What is the Pegasus Remote?  That would make sense if their ME and RCE.  I've figured they were running out of money, but they seem to have big $$$ that's been coming in....but their terrible support has probably scared off many new customers.  I know I would *NOT* buy a Pegasus Touch today; even if it were $100.

----------


## doobie

> being the owner of a muve3d printer I can confidently tell you the flex vat that they have created is 2nd to none.  its a fantastic piece of art really.  I actually just modified my 2nd vat and mounted a camera inside the vat to see the prints as it progresses  brilliant


Cool.  I really wish I skipped the Pegasus and bought a Muve3d...  I need to do some measurements and see if I could get the Muve3d flexvat into my pegasus.

----------


## chooch

> What is the Pegasus Remote?  That would make sense if their ME and RCE.  I've figured they were running out of money, but they seem to have big $$$ that's been coming in....but their terrible support has probably scared off many new customers.  I know I would *NOT* buy a Pegasus Touch today; even if it were $100.


It's a program that remote support uses to get into the Pegasus. I think that they left a port open on the BBB and it scans until it finds the open port and then sets up a reverse SSH tunnel.

How did you get the files off the BBB, if I may ask?

----------


## doobie

> It's a program that remote support uses to get into the Pegasus.
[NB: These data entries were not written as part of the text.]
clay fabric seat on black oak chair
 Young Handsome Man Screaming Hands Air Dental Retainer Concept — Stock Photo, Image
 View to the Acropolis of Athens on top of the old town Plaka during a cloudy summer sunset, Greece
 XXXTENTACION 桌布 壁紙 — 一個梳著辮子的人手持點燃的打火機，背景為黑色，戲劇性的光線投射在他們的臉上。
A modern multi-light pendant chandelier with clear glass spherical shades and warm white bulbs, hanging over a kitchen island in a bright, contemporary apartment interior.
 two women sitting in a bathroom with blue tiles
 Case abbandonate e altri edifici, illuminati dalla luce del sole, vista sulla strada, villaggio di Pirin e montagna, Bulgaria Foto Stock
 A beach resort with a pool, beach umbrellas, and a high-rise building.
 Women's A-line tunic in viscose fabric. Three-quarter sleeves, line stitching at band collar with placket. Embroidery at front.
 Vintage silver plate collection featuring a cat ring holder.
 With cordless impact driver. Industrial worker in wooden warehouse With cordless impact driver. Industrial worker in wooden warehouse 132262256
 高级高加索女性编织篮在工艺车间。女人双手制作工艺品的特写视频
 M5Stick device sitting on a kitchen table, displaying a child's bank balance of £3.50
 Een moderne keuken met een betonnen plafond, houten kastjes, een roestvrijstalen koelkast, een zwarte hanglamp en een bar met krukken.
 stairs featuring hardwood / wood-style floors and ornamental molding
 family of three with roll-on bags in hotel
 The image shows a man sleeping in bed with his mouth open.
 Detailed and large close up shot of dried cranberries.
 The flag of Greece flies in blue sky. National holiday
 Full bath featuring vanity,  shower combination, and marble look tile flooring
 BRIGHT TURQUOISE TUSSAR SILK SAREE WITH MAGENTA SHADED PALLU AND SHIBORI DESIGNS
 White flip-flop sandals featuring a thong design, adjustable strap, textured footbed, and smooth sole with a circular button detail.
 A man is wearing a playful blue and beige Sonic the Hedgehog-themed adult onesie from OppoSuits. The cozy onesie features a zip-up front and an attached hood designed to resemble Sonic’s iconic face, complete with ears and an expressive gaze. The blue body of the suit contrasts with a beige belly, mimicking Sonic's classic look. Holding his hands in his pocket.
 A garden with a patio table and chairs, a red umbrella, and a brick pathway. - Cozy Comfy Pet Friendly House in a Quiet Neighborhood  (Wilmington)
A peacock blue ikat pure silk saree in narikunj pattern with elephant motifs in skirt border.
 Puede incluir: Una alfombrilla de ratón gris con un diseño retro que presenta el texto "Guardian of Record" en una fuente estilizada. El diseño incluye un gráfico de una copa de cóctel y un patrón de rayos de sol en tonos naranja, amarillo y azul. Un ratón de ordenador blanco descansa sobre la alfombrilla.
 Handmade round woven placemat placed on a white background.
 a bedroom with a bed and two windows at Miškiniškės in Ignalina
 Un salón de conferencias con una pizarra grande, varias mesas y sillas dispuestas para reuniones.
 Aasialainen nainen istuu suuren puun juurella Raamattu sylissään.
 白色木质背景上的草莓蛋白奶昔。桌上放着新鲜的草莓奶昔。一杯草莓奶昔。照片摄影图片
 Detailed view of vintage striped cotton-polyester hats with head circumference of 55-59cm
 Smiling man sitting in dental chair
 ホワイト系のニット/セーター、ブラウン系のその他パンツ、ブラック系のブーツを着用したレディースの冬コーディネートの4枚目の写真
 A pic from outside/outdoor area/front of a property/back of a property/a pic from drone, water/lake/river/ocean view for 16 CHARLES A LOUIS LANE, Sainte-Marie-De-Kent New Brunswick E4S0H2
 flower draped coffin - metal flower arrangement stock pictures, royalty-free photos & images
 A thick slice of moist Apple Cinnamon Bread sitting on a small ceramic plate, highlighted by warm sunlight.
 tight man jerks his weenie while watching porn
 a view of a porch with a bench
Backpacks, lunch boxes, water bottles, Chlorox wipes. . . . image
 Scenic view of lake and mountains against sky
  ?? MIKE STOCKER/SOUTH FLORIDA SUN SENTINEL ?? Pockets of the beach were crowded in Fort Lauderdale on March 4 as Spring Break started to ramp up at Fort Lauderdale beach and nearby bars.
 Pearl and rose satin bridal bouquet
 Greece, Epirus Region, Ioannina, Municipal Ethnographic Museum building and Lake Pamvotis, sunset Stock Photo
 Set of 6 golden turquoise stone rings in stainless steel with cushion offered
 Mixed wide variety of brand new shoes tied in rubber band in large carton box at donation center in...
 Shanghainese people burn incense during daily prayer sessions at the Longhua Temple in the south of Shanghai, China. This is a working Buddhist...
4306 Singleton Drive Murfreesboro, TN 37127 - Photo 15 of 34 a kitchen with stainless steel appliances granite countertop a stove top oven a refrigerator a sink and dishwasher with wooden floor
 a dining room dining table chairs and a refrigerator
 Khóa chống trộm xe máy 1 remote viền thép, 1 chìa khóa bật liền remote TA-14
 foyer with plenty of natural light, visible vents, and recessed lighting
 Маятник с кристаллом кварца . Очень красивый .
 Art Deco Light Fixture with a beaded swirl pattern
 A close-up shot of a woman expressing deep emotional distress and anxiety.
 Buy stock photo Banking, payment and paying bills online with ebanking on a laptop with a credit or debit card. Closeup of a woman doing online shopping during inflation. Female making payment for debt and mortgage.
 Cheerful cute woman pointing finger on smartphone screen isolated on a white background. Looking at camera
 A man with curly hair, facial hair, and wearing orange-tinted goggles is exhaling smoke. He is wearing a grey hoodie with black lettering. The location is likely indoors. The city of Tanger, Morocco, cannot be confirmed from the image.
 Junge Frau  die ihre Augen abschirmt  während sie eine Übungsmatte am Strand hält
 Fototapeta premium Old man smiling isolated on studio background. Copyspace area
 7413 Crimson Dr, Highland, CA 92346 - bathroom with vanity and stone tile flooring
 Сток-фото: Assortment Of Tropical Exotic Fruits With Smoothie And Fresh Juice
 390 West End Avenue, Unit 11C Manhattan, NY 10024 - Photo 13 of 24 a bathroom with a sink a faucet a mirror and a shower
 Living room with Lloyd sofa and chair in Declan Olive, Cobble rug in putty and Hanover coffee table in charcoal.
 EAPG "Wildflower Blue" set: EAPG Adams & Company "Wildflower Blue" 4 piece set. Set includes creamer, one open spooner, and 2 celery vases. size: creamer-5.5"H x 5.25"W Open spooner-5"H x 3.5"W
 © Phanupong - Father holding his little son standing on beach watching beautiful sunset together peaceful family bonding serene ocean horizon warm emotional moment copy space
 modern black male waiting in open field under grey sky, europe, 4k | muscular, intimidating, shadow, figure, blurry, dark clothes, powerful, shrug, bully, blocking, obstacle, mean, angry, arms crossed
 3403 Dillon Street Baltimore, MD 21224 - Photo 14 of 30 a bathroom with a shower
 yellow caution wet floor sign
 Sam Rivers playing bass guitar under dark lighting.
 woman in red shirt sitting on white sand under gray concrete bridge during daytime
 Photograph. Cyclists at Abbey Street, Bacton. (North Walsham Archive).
I think that they left a port open on the BBB and it scans until it finds the open port and then sets up a reverse SSH tunnel.
> 
> How did you get the files off the BBB, if I may ask?


I did a almost a year ago....but basically I removed the BBB, attached a serial port between it and a computer, and was able to get access to the console and used the boot manager on it to look at the file system and files on it, PITA.  I'm guessing they'll patch things up if they can if they find out people are exploiting things.  I'd be interested in getting more info on what you used to get into the machine.

----------


## chooch

> I did a almost a year ago....but basically I removed the BBB, attached a serial port between it and a computer, and was able to get access to the console and used the boot manager on it to look at the file system and files on it, PITA.  I'm guessing they'll patch things up if they can if they find out people are exploiting things.  I'd be interested in getting more info on what you used to get into the machine.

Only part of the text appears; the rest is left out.